» WHAT IS NEEDED:
Please give the lines below again exactly as they stand, from the one that contains "Bezczynszowe dwupoziomowe z" up to and including the one that contains "604 Loxley Dr, Warner Robins, GA 31088", leaving all pictures out.

» ENTRIES SHOWN:
==*==

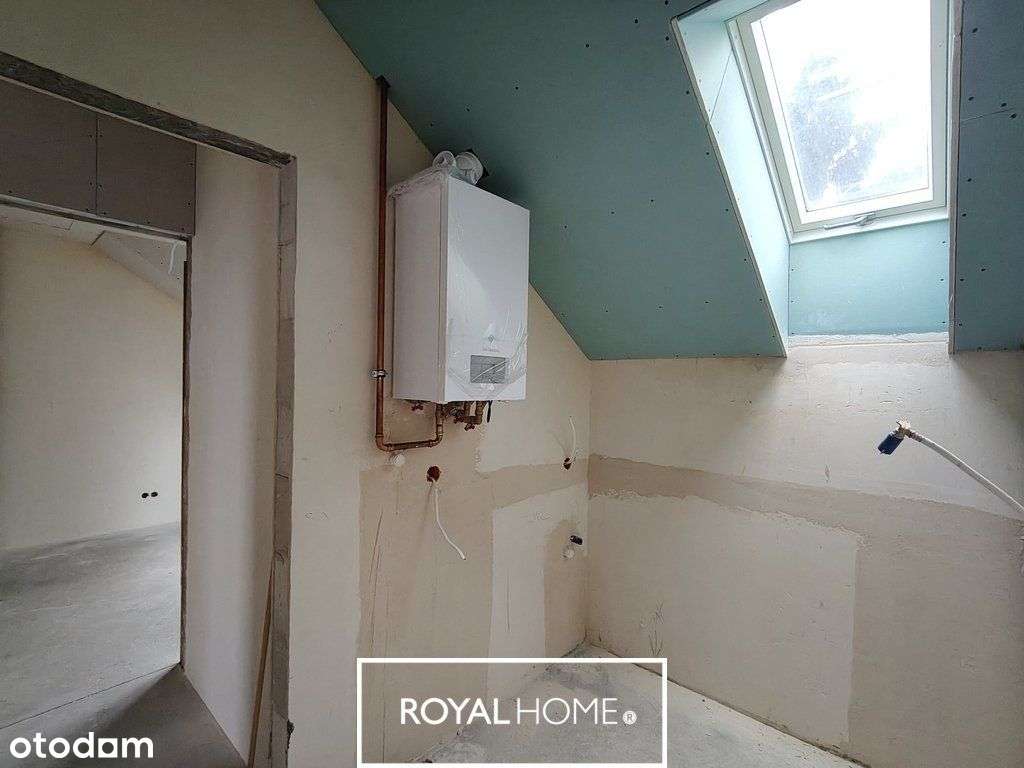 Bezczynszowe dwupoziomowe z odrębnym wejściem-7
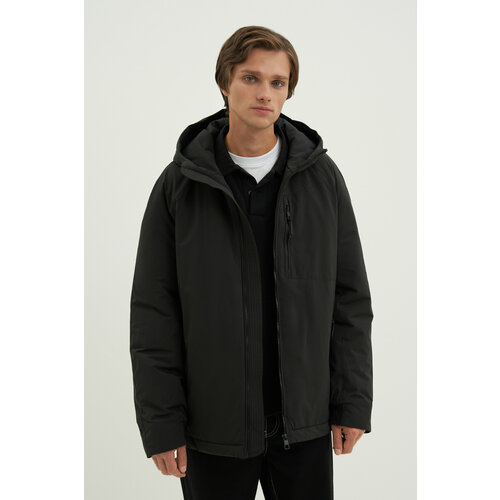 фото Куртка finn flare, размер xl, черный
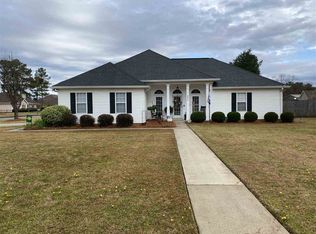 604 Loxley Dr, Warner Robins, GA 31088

==*==

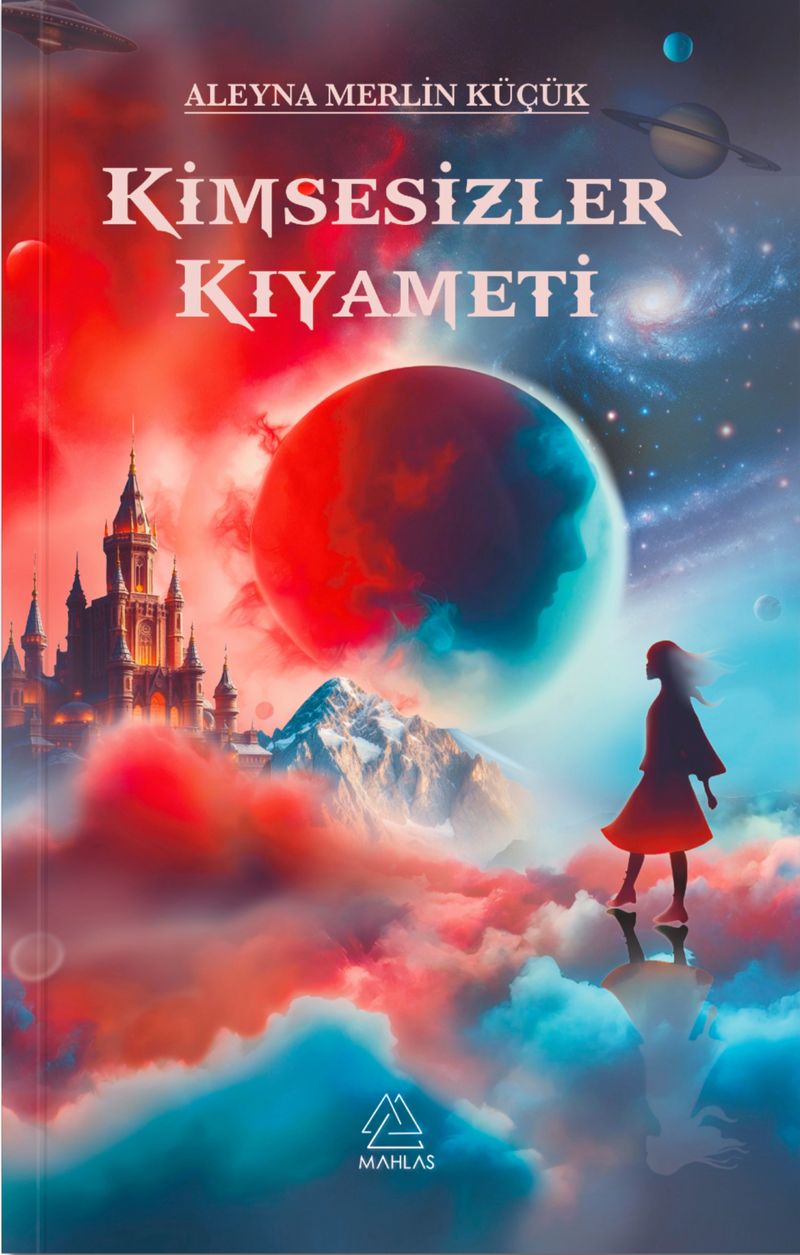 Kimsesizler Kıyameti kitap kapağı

==*==

» RESPONSE BOX:
 Bezczynszowe dwupoziomowe z odrębnym wejściem-7
 фото Куртка finn flare, размер xl, черный
 604 Loxley Dr, Warner Robins, GA 31088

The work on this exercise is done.